Fascinating flooring

30 April, 2004
Posted in: Mr. Waffle, Princess

If you consult the pictures of our infant daughter on my photoblog, you will see that she is a messy eater. We have wooden floors which really should be revarnished so the constant addition of water and random food to the floor surface is not ideal. I suppose it wouldn’t be ideal under any circumstances but with the floors needing revarnishing, things do tend to leave marks (we have a trail of vaseline handprints on our bedroom floor from when the Princess managed to get hold of a tub of the stuff and smear it all over herself).

I thought that I would go to IKEA and get a cheap, tasteful, washable floor covering which we could put on the dining room floor. I got to IKEA and, you know what, tasteful and washable don’t really go together. So I thought that I would get a cheapish rug which we could dispose of when the Princess learned to eat without scattering debris. IKEA is not as cheap as all that. The rugs in the size I wanted were about 600 euros. Imagine then my delight when I found one for 80 euros. True, it looked a bit like underlay, but it looked robust also. I snapped it up.

I brought it home. I explained my reasoning to Mr.
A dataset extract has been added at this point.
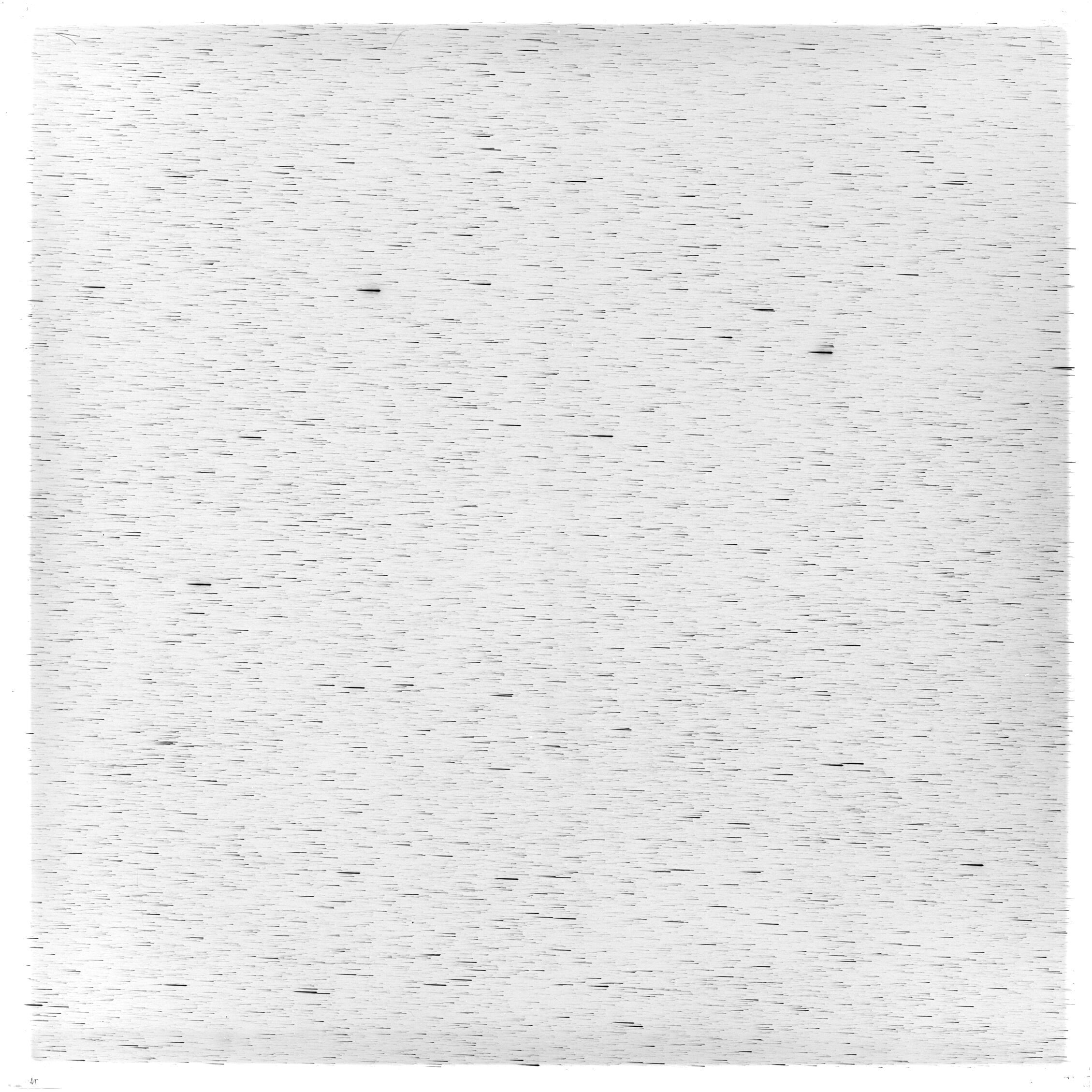 Scan GS05544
Waffle over the phone.

“Hmm,” he said, “I don’t know if a rug is what we need, but for 8 euros, I suppose you can’t go wrong”.
“Umm, no, not 8 euros, 80.”

Horrified silence.  “You shouldn’t have told me that. I mean all we really needed was a square of lino for under her high chair”.
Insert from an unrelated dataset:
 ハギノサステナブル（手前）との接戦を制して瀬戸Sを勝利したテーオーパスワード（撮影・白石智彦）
“Actually, it’s called vinyl flooring these days”

When he came home, he took one look at the rectangular, dark green rug and said “Ah, the 80 euro putting green”

And, inevitably, it’s a bit of a disaster, whereas before debris could be swept up or mopped up, now we have to get out the hoover after every meal.  Also, given that it has the texture of underlay, it is a little rough on the royal knees.  I may have to take it up, I suppose what I really need is a square of lino.

Comments
Locotes

on 30 April 2004 at 18:16

It’s true. Never correct the other half in matters of cash. It’s safer. That’s assuming of course you keep the accounts under tight lock and key. It’s safer.
Oh well – I suppose you meant well eh?
😉

belgianwaffle

on 03 May 2004 at 14:59

You two want me to deceive my husband…never!

Thank you for not smoking

28 April, 2004
Posted in: Family, Siblings

A series of unrelated ramblings which are all, somewhat tenuously, connected by my family (no pun intended).

My sister is thinking of changing her phone number. She has only just got it, but it appears that the previous owners were bad debtors. She has been fielding calls all week from annoyed credit agencies. On Saturday night she got a call asking whether she would take “a collect call from Will”. She doesn’t know any Will, so she said no and hung up. A couple of minutes later she got another call would she “take a collect call from Will?”. She said no and hung up. The phone rang again would she take a “collect call from Will”? She decided that unless she spoke to Will, this could go on all night so she said “ok”. A recorded voice then told her “please be aware that this call is being made from inside Cook County correctional facility”. She decided not to talk to Will after all. Clearly, these people were very bad debtors.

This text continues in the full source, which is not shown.